* _TASK ITEM_: Make an exact copy of the lines from the top of the entries below through the line with "AVATAR: FIRE AND". Leave all pictures out.
»»
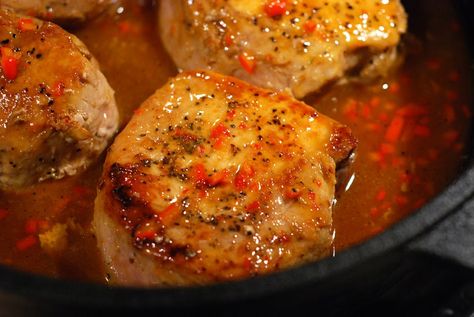 Pork Tenderloin Glaze, Bbq Grilling Recipes, Egg Bbq, Green Egg Bbq, Pepper Jelly Recipes, Crockpot Stuffed Peppers, Red Pepper Jelly, Pork Sauce, Glazed Pork Chops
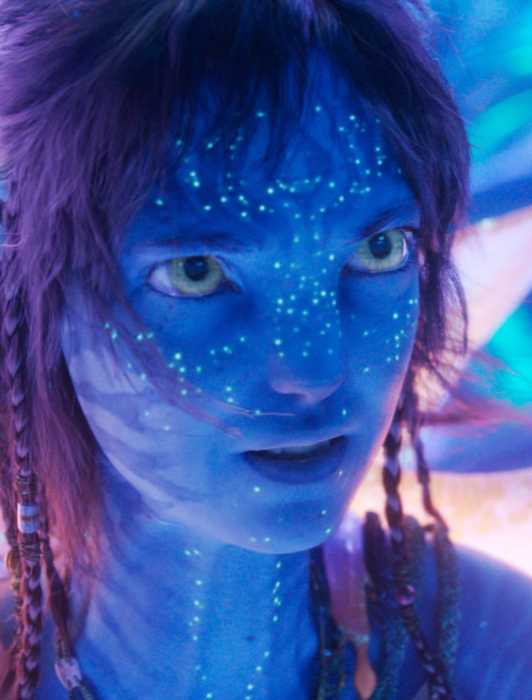 AVATAR: FIRE AND ASH, from left: Sigourney Weaver as Kiri, Jack Champion as Miles 'Spider' Socorro, 2025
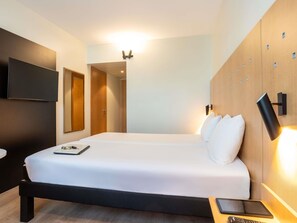 Habitación doble, 1 cama doble | Caja fuerte, escritorio, sistema de insonorización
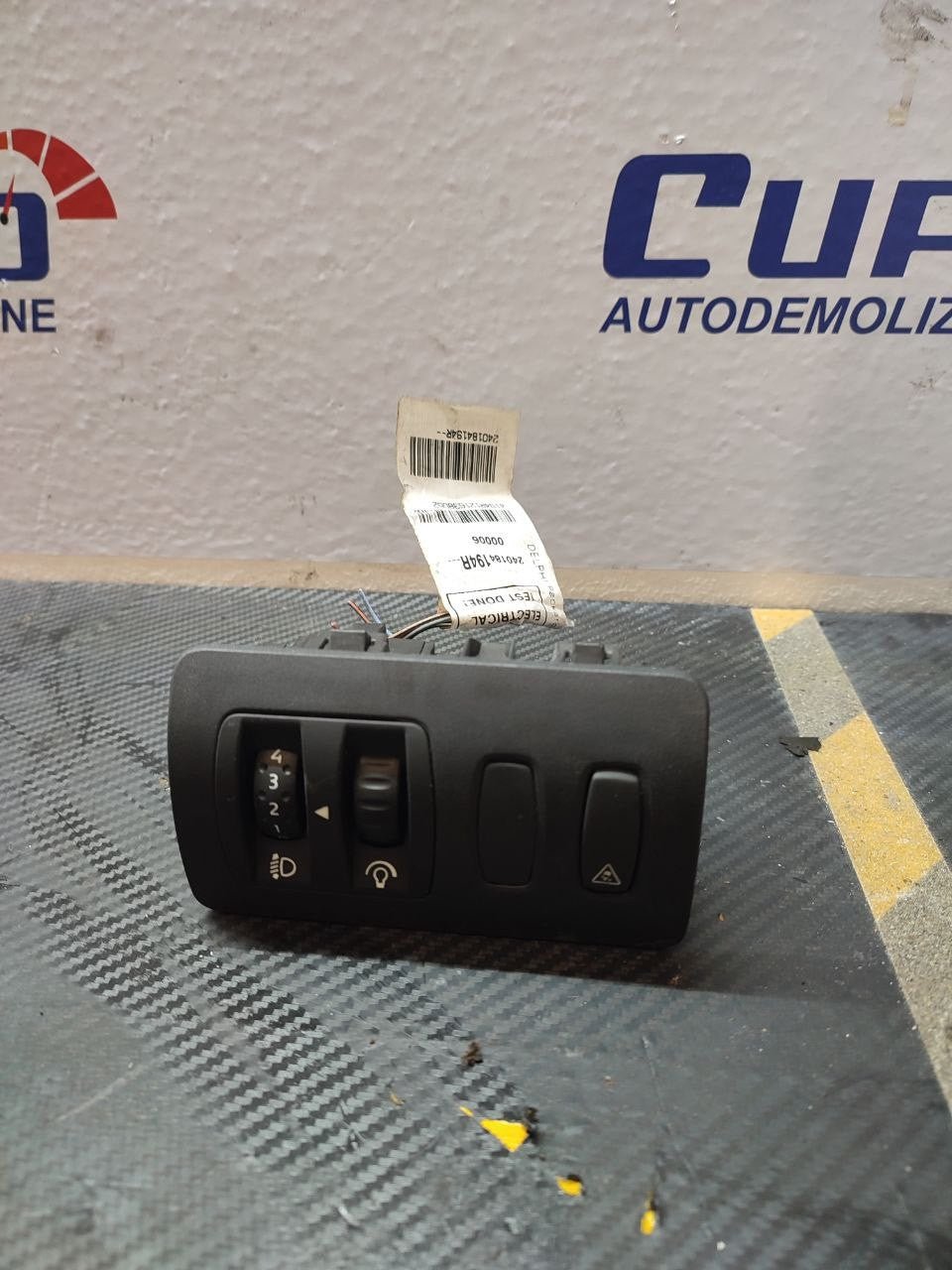 Interruttore regolazione fari Renault Clio mk 3 cod 8200407756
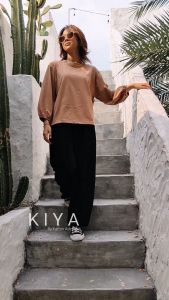 Kiya Blouse Jumbo Wanita Kaos Polos Cotton Combed 30s Atasan Wanita Blouse Lengan Balon Terbaru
««
* _COMPLETED TASK_:
 Pork Tenderloin Glaze, Bbq Grilling Recipes, Egg Bbq, Green Egg Bbq, Pepper Jelly Recipes, Crockpot Stuffed Peppers, Red Pepper Jelly, Pork Sauce, Glazed Pork Chops
 AVATAR: FIRE AND ASH, from left: Sigourney Weaver as Kiri, Jack Champion as Miles 'Spider' Socorro, 2025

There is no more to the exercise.